> **About this task**
Transcribe all of the data exactly. Images stay out.

> **Exercise data**

'''

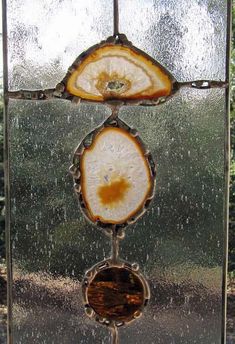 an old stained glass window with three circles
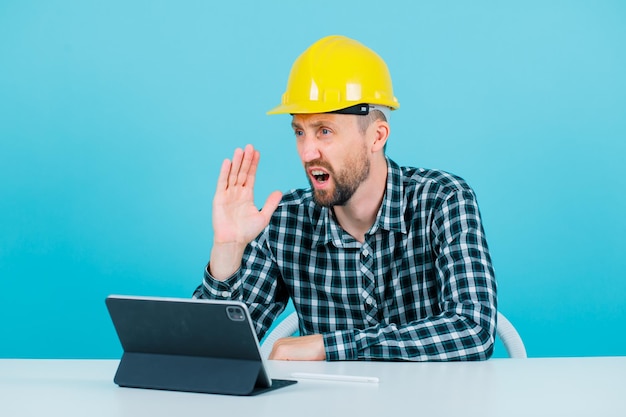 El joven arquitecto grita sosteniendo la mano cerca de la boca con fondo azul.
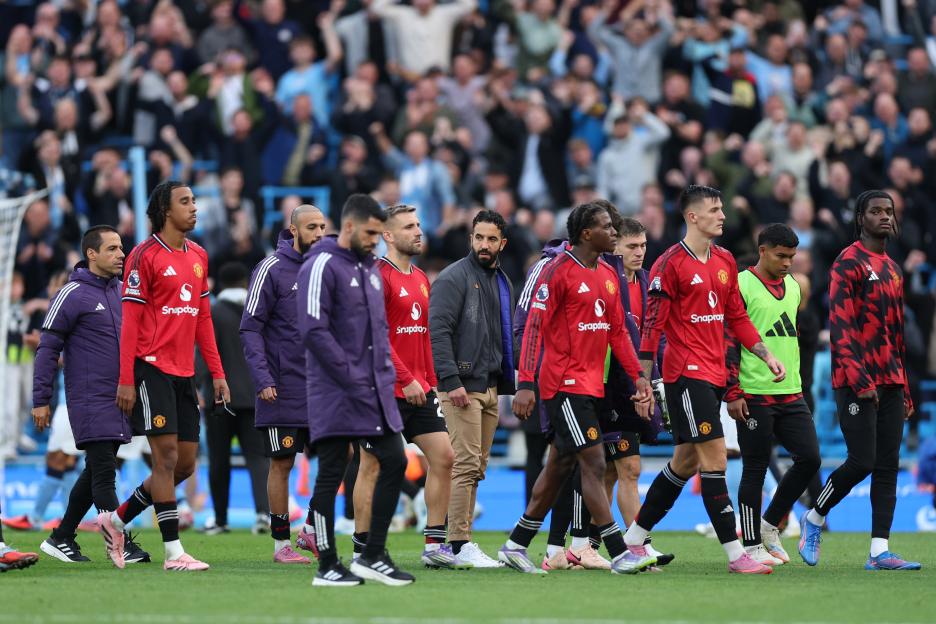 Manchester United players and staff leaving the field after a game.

'''

> **Task response**
 an old stained glass window with three circles
 El joven arquitecto grita sosteniendo la mano cerca de la boca con fondo azul.
 Manchester United players and staff leaving the field after a game.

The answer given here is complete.